> **To do**: Without carrying over a single picture, write out the records below exactly.

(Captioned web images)

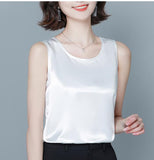 Epibuss Thick silk tanks women sexy satin tank tops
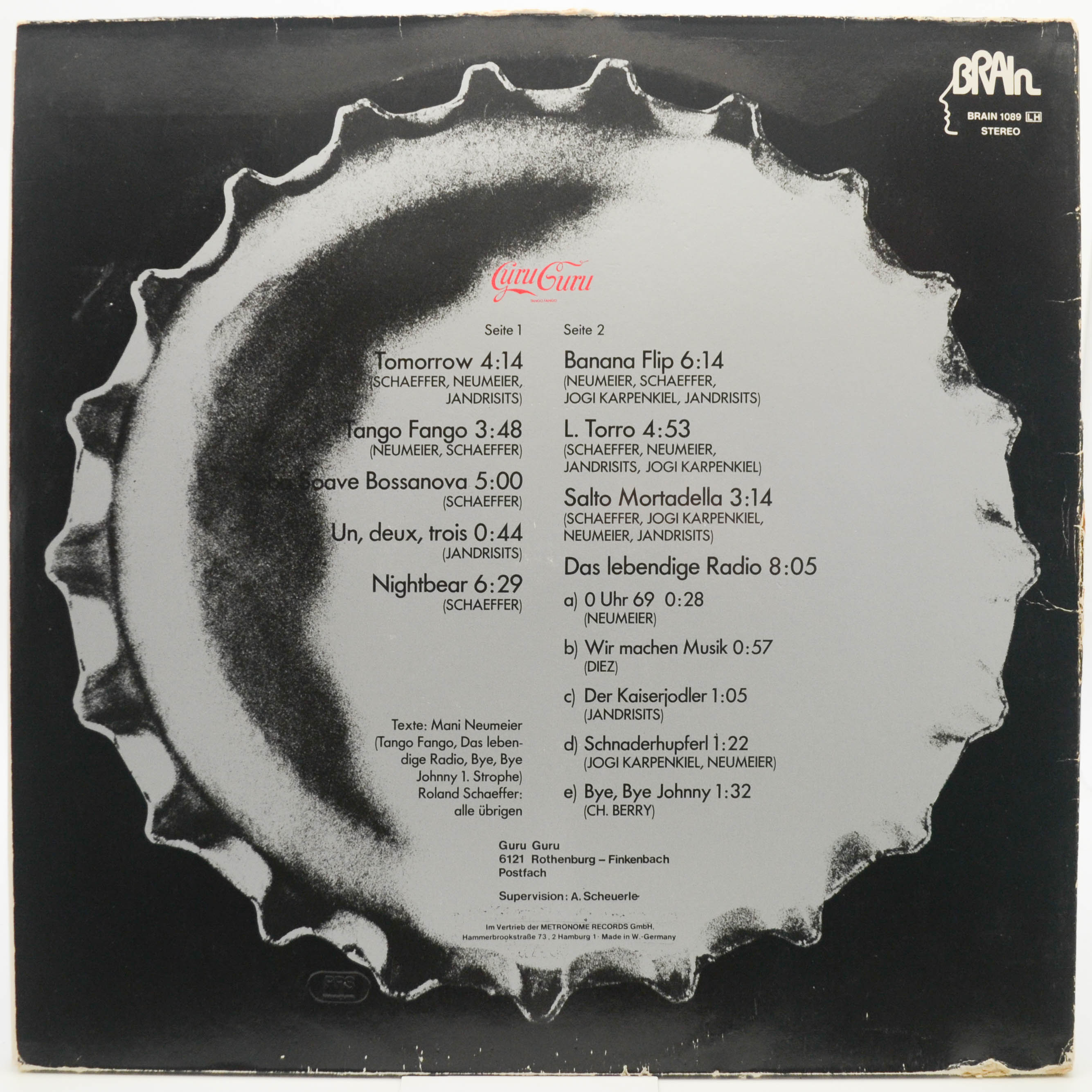 Guru Guru — Tango Fango, 1976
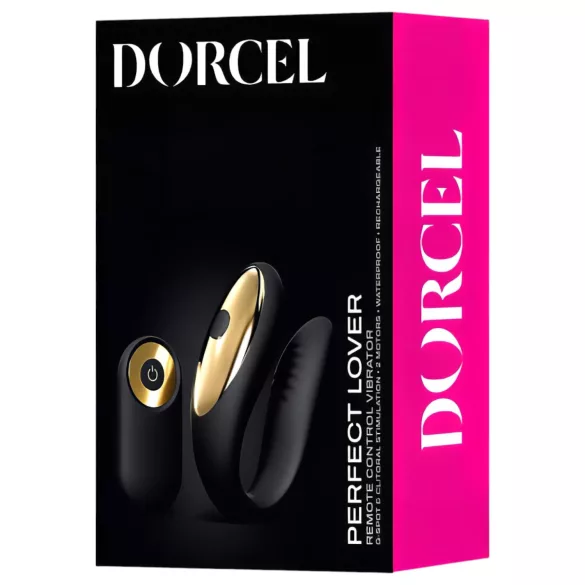 Dorcel - vibratore per coppia ricaricabile telecomandato - nero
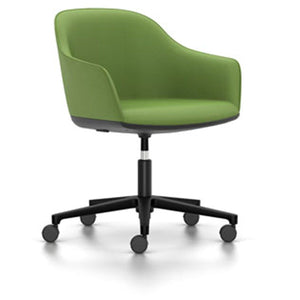 Softshell Chair - Task Chair task chair Vitra powder-coat basic dark Plano - grass green/forest hard casters - unbraked (std)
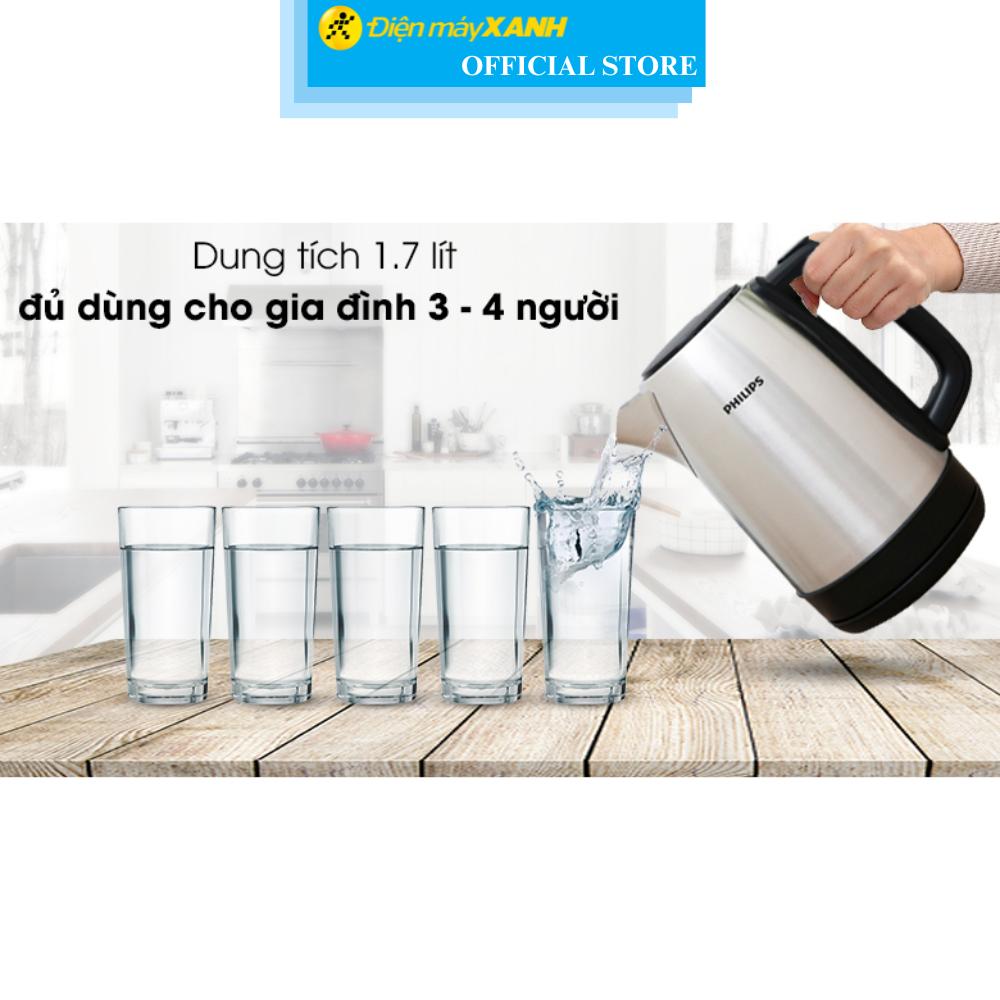 Bình đun siêu tốc Philips 1.7 lít HD9350 - Hàng Chính Hãng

> **Answer to this problem**:
 Epibuss Thick silk tanks women sexy satin tank tops
 Guru Guru — Tango Fango, 1976
 Dorcel - vibratore per coppia ricaricabile telecomandato - nero
 Softshell Chair - Task Chair task chair Vitra powder-coat basic dark Plano - grass green/forest hard casters - unbraked (std)
 Bình đun siêu tốc Philips 1.7 lít HD9350 - Hàng Chính Hãng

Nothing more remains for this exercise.